=== Recorded information ===
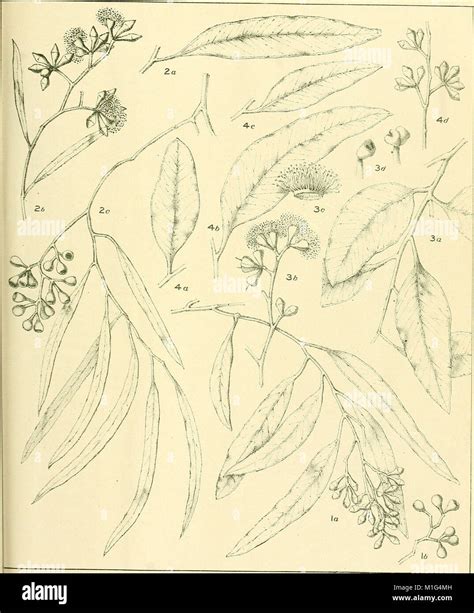 A Critical Revision of the Genus Eucalyptus, published in 1903, offers a comprehensive study and ...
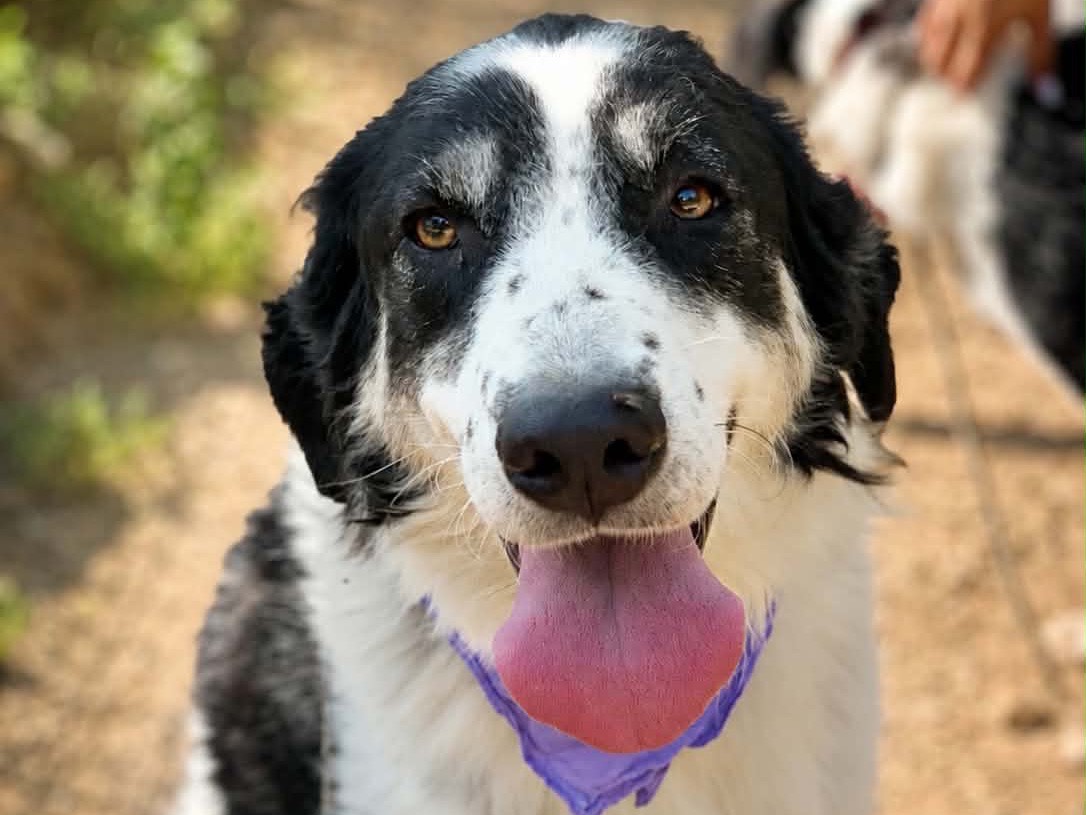Adotta un cane, femmina, 3 anni e 4 mesi, Latina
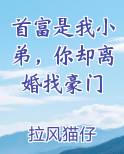 首富是我小弟，你却离婚找豪门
===
Aim of the task.
Please retype the data exactly as it appears, but without any of its pictures.

Exercise solution.
 A Critical Revision of the Genus Eucalyptus, published in 1903, offers a comprehensive study and ...
Adotta un cane, femmina, 3 anni e 4 mesi, Latina
 首富是我小弟，你却离婚找豪门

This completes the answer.